In his essay, “The Decay of Lying,” Oscar Wilde asserted, “Life imitates art far more than art imitates life.”
He believed artists taught people to find beauty in life and nature through their creations rather than the other way around. One example he sites is the fog in London. Though it had been there for centuries, people only noticed its beauty because “poets and painters have taught the loveliness of such effects.” Hence, “They did not exist till art had invented them.”
Until recently, I would have taken issue with this. In my mind, nature is beautiful for its own sake. After all, it’s created by a God who delights in lovely things. And even if we never truly “saw” and understood it, that beauty would continue to exist in the world because He wishes it to.
That being said, I have always believed art can help us appreciate the excellence of the natural world in new ways or to a greater degree than we did previously. For instance, take the watercolor by Cézanne below. It is currently on display at the High Museum as part of a collection called Cézanne and the Modern, which will be in Atlanta until January 11, 2015.

I highly recommend getting the High’s audio tour. There are typically two tracks–one for adults and another for children–and I often listen to both as they contain different information. For only $6, you get a lot of extra information about the artists as well as a few lessons on art history.
Matthew Simms, Professor of Art History at California State University, Long Beach, contributed much to this audio tour. Regarding this piece, he said:
“Drawing offers tonal information. It tells you what areas are dark, where forms begin and where the end. Color gives chromatic information. What is the local color of something? Is there a shadow? Is it in light? Is something greenish or more yellow? Cézanne uses his two tools—the pencil and the paintbrush—to contribute different kinds of information. The end result is a watercolor in which drawing and color combine to create a vibrant sensation of a view into a forest.”

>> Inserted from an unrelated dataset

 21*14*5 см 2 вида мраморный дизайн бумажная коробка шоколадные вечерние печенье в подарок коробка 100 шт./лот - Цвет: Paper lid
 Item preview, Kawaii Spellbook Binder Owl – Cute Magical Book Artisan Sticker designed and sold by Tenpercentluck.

I can appreciate the loveliness of a forest path dappled with light. I’ve walked many of them and experienced the peace and tranquility they have to offer. I’ve noticed the quiet interplay between light and shadow, heat and cold. But I’d never noticed the different colors light can create in such a space.

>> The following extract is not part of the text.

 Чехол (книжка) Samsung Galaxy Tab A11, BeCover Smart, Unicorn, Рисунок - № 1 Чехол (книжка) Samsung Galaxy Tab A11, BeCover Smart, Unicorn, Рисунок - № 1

A few days after learning this information, I took a walk around Kennesaw Mountain National Battlefield Park and noticed that the light that passed through green leaves took on an entirely appearance than it did when it passed through yellow and orange leaves. Both were beautiful but in different ways, and Cézanne (and Simms) showed me how to appreciate the contrast.

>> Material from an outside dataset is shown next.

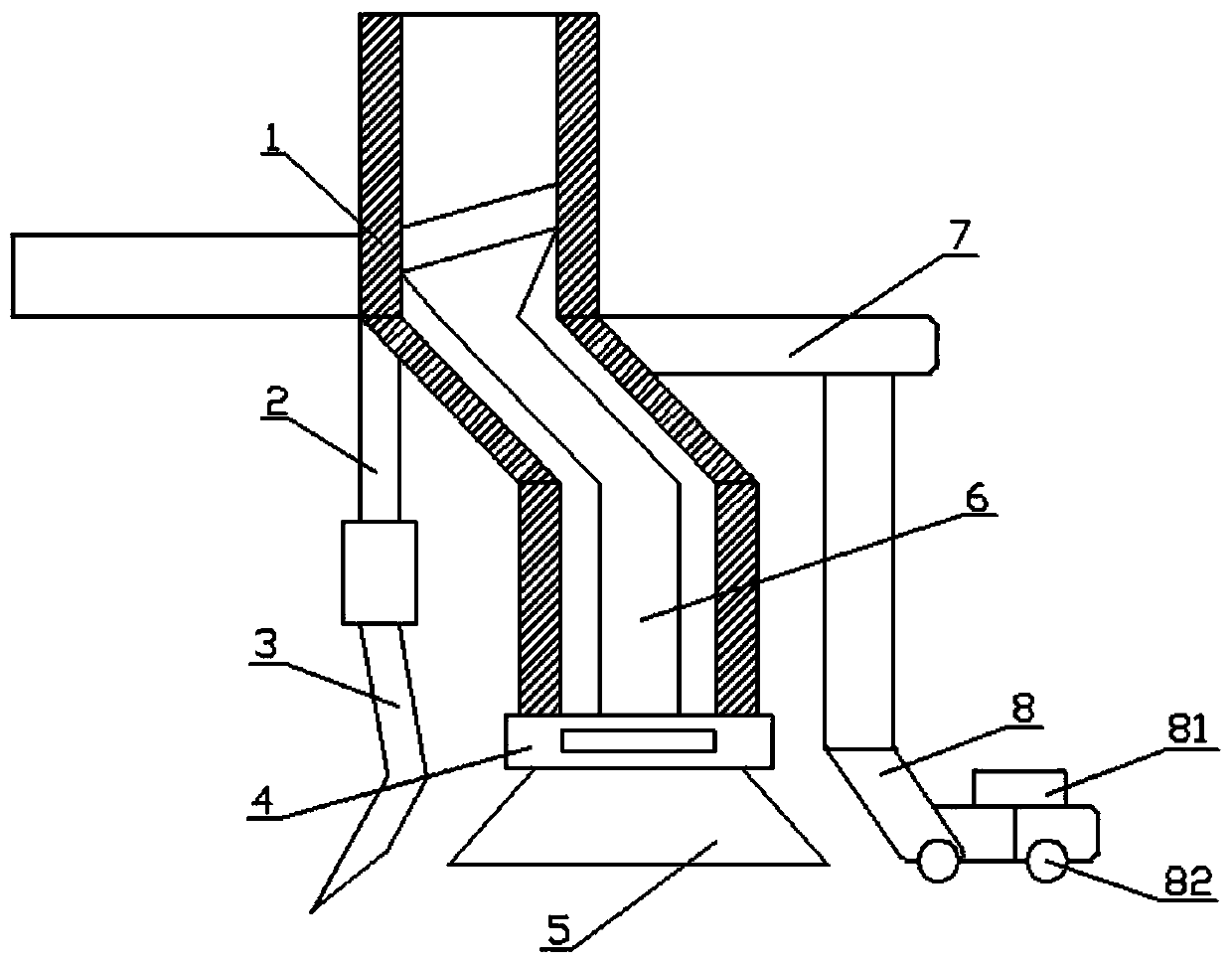 Dry rice seeding device for agricultural planting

Learning this didn’t just help me see the world around me in a new or better way. It changed how I understood the things I perceived. It made me think Wilde might have been on the right track.
Last weekend, it was blustery here in Georgia. It was the kind of wind that gave the cold air a set of teeth and helped it bite through denim and fleece. I was loathe to go out in it, but I’m glad I ended up braving the elements. While I was sitting in traffic, I noticed a jumble of leaves–orange, red, yellow, and brown–swirling on the street. The wind whipped them into graceful swoops and spirals of color. The sight was lovely to be sure, but nothing I hadn’t noticed before.
But the same wind was also buoying the birds in the sky. Like the leaves hovering inches from the ground, the small birds were all angles, and they danced around one another in an intricate pasodoble of tail feather and wing. For a few seconds, flora and fauna moved with an inexplicable synchronicity. They “rhymed” with one another.
Alone, each one would have been lovely and ripe with meaning. But together, they revealed the harmony of earth and sky and became something altogether different. I’m not sure if life was imitating art or the other way around, but for the briefest of moments, I was presented with something sublime.